Once data is fetched from CrossRef as JSON, we populate the list of authors. In Extraction.py, Authors are extracted from the previous created JSON dump from JsonDump.py. Extraction.py takes two arguments. First is the name of author DOI file. Second is the folder location. Both are appended with date range and ISSN. It is important to note that we do not apply any technique for author name disambiguation and rely on CrossRef to provide correct author names. Although this is problematic for further analysis, in the long run, corrected data from a single source is much efficient than using different methods of cleaning.

Fetch DOI list from Data

Once data is fetched from CrossRef as JSON, we populate the list of DOI. DOIList.py shows how DOIs are extracted from the previously created JSON dump from JsonDump.py. Although the purpose of fetching DOI is also completed in Extraction.py, but it’s replica is created in DOIList.py to suggest that analysis with only provided DOI list is also possible. DOIList.py takes two arguments. First is the name of CSV containing the DOIs. Second is the folder name containing the file. So the previous two sub-steps can be ignored if analysing a specific journal is not needed. If the list of DOIs is fetched from an external source, then it can be easily incorporated in this workflow.

Creating Ego Network

Details of the step are shown in Figure 4. Below we define the sub-steps to create Ego Network. This step can be iterated zero or more times to grow the network as desired. This step is not used in Comparative Analysis, however, we provide the details in this section to show that with Publicly accessible metadata it is relatively easier to scale our approach. Further, this step justifies our approach of using SNAP over other network processing libraries since the process of creating the Ego Network is not only fast but intuitive to code, due to a variety of functions available in the extensive library documentation that makes it easier to access the nodes in both directions of an edge. Also the integer labels makes the computation faster than using string labels. This step was coded using python 2.7.

Creating Ego Network Figure 4. Step 3 of the workflow with details of creating the Ego Network. Sub-steps are applied sequentially, and may be iterated over to create next level of Ego Network.

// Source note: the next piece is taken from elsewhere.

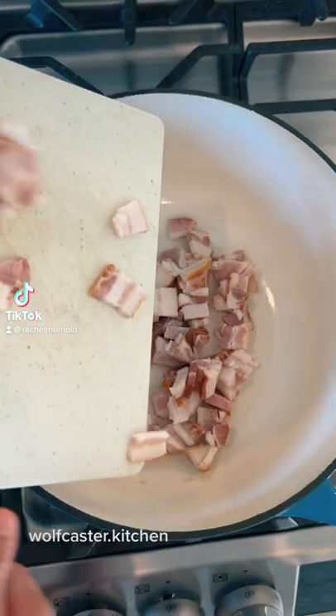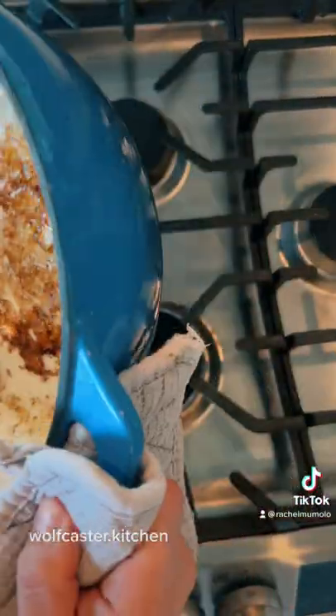Let's make creamy potato soup in a bread bowl. Cook bacon in a large pot, then reserve half of that bacon fat.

Load COCI Binary to Fetch Subgraph

EgoNetCode.py shows the loading of the network and the fetching of individual node labels. EgoNetCode.py takes five arguments. First two are the names of hash and graph file of COCI. Last three are the names of file, parent folder and sub folder of article citation network. After loading a binary file of COCI a subset of the graph is fetched with nodes linked at one level apart i.e. they either cite or are cited-by the existing articles. Processing a subgraph from 625M edges takes a few minutes on a Core i5 laptop with 16 GB RAM. To confine the discussion in this article related to the workflow we have omitted detailed analysis of time calculation, but provide enough details so that this work is reused by other researchers.

Crossref Dump For EgoNet

CrossrefDumpForEgoNet.py shows the fetching of CrossRef data for all DOI of Article Ego Network created in the previous step. CrossrefDumpForEgoNet.py takes the name of parent folder as single argument to save the details of all DOIs. This way first we download all data and then process it to create the network. Depending on the size of the network and the number of Ego Network levels, as well as, internet speed this process can take from a few hours to days to complete. Once a local copy of data is available this delay can be reduced. Since we do not have access to complete dump of CrossRef, we could not identify whether these same script can be reused but we assume that there would be few changes required to access the data locally.

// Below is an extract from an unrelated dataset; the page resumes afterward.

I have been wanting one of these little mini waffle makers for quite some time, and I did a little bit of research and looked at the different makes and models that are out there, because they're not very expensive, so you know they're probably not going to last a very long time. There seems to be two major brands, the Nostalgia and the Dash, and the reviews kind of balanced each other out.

DOI and Author List Extraction

DOIAUthorExtractionForEgoNet.py shows the creation of the Ego Network for Authors. This is similar to Extraction.py and DOIList.py for nodes of Journal data downloaded earlier. However, here we add the connecting nodes fetched in subgraph above and download their respective Author details. DOIAUthorExtractionForEgoNet.py takes the name of parent folder as single argument to append the author details.

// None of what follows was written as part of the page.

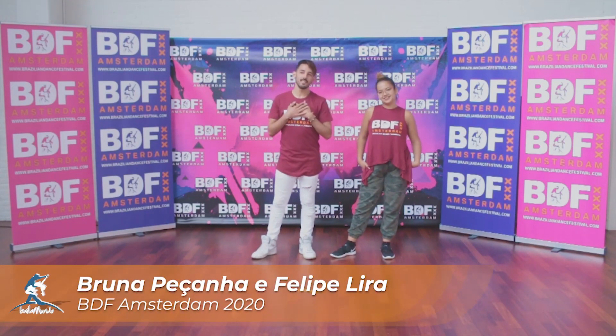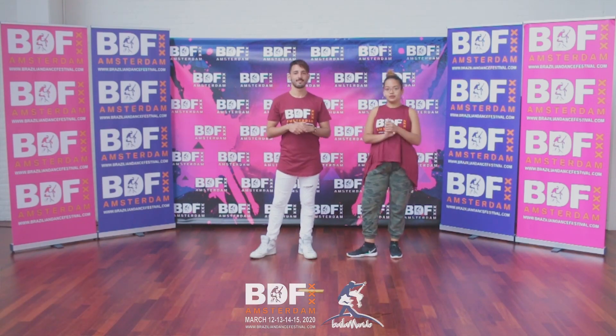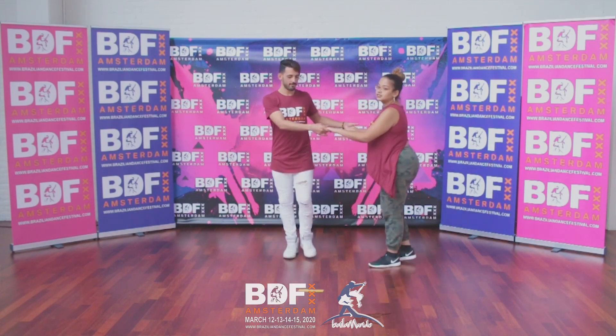Hi guys, I'm Felipe Lira. I'm Bruna Pessanha and we are here to teach you a very cool movement that is a variation from lateral. We're going to explain two versions, one more beginner and one more intermediate for you to practice. So let's start from lateral.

Creating Scientific Network(s)

Details of the step are shown in Figure 5. Once all the data is pre-processed, this step created different types of network. We can also add Bibliographic coupling and Co-citation network within the list, but they are ignored for two reasons. First, we did not find much evidence of centrality analysis on these networks. Secondly, the processing time for creating these networks for a very large citation network is relatively much longer than creating Author collaboration or Author Citation Network. These networks are simply created by creating an edge list for authors who have collaborated or cited each other.

Fig5 Figure 5. Step 4 of the workflow with details of creating different Scientific Networks. Sub-steps are applied sequentially.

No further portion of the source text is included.